Opbouw, doel en situering

Afbeelding
Icoon Natuur wijzigen
Het Vlaams Ecologisch Netwerk (VEN) is een selectie van de waardevolste en gevoeligste natuurgebieden in Vlaanderen. Gebieden errond en ertussen, onderdeel van de Natuurverwevings- en Natuurverbindingsgebieden, zorgen voor een buffer tegen nadelige invloeden.

Opbouw VEN en IVON

Het VEN vormt met zijn grote aaneengesloten gebieden de ruggengraat van de natuurlijke structuur in Vlaanderen. Het is het geheel van de mooiste groene plekjes in Vlaanderen waar de natuur extra beschermd wordt en gebruikers en eigenaars bijkomende middelen en mogelijkheden krijgen om mee te bouwen aan een natuur- en mensvriendelijke omgeving. Op die manier wil het VEN de belangrijke natuurkernen veilig stellen in de toekomst. Het VEN bestaat uit Grote Eenheden Natuur (GEN) en Grote Eenheden Natuur in Ontwikkeling (GENO). 

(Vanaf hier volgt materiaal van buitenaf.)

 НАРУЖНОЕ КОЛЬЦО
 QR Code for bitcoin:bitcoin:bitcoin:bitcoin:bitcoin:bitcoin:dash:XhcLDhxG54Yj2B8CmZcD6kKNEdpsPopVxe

Voor de instandhouding, ondersteuning en versterking van de natuurkernen wordt voorzien in de afbakening van Natuurverwevingsgebieden. Zij vormen als het ware een beschermende jas voor de natuurkernen. Voor de verbinding van de verschillende natuurkernen worden natuurverbindingsgebieden afgebakend. Samen vormen die gebieden het IVON: het Integraal Verwevings- en Ondersteunend Netwerk. In het IVON worden bijkomende kansen gegeven aan planten en dieren. Andere functies zoals landbouw, recreatie, bosbouw, wonen… mogen daarbij niet in het gedrang komen.
 
Afbeelding
Voorstelling opbouw VEN en IVON

VEN = GEN + GENO
GEN = Grote Eenheden Natuur 
GENO = Grote Eenheden Natuur in Ontwikkeling
IVON = NVWG + NVBG
NVWG = Natuurverwevingsgebieden
NVBG = Natuurverbindingsgebieden
 

Doelstellingen VEN

In het VEN staat duurzaam behoud en ontwikkeling van de biodiversiteit op de eerste plaats. Rekening houdend met andere aanwezige functies in het gebied kondigde de Vlaamse overheid in eerste instantie een aantal bewarende maatregelen af om die doelstellingen te bereiken.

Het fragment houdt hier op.